**Work task:** Within the listing below, give again exactly the lines between the one containing "06, april, 2024, Bor - Potraga" and the one containing "Apartament 2 camere, decomandat, centrala", inclusive, pictures left aside.

**Available records:**
┄┄┄┄┄┄┄┄┄┄┄┄┄┄┄┄┄┄┄┄
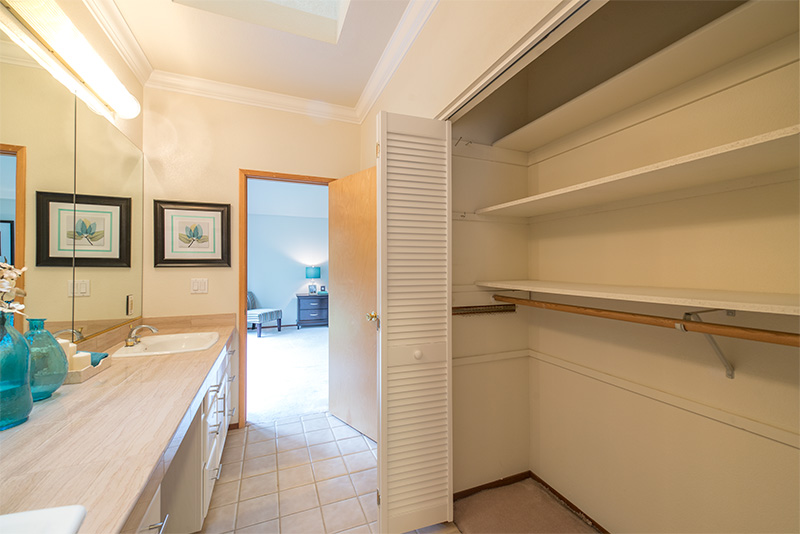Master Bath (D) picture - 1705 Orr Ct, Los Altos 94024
┄┄┄┄┄┄┄┄┄┄┄┄┄┄┄┄┄┄┄┄
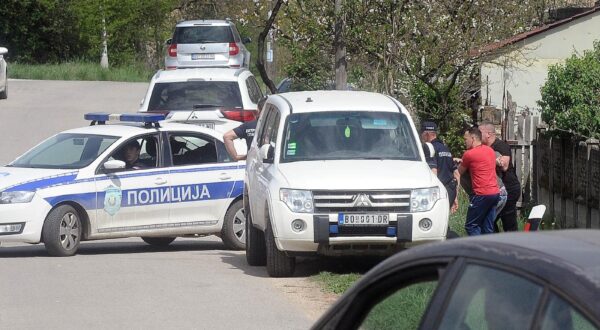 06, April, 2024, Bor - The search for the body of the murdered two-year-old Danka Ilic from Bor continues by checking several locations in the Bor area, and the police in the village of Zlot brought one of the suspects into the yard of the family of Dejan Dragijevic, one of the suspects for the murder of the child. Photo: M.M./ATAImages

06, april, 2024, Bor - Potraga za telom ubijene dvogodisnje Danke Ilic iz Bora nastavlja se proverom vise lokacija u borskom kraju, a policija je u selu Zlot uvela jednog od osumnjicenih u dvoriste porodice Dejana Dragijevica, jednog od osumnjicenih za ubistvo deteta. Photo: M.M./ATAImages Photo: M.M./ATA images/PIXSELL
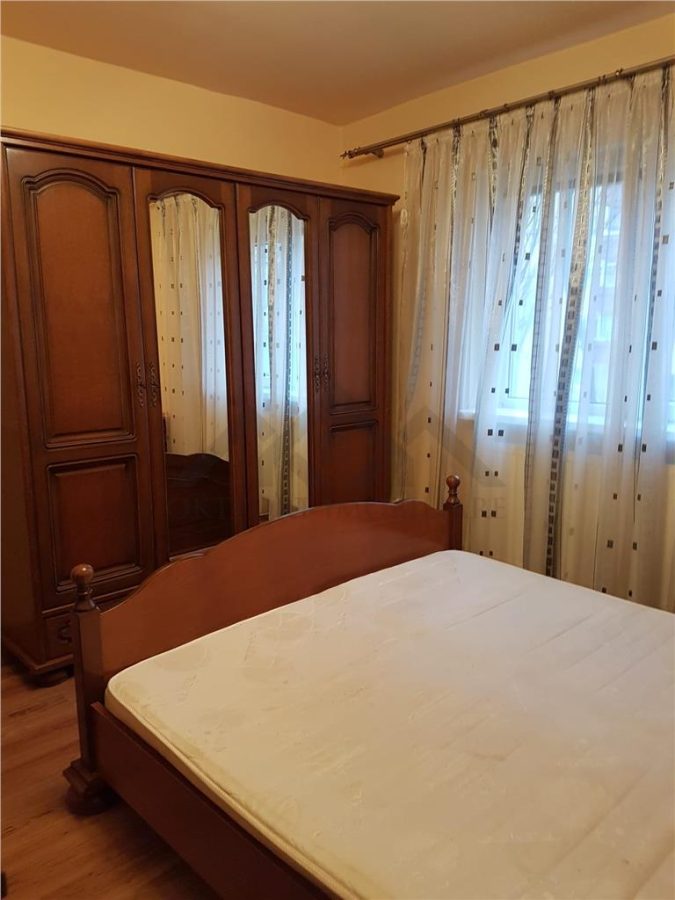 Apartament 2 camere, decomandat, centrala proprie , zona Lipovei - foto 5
┄┄┄┄┄┄┄┄┄┄┄┄┄┄┄┄┄┄┄┄
**Exercise answer:**
06, april, 2024, Bor - Potraga za telom ubijene dvogodisnje Danke Ilic iz Bora nastavlja se proverom vise lokacija u borskom kraju, a policija je u selu Zlot uvela jednog od osumnjicenih u dvoriste porodice Dejana Dragijevica, jednog od osumnjicenih za ubistvo deteta. Photo: M.M./ATAImages Photo: M.M./ATA images/PIXSELL
 Apartament 2 camere, decomandat, centrala proprie , zona Lipovei - foto 5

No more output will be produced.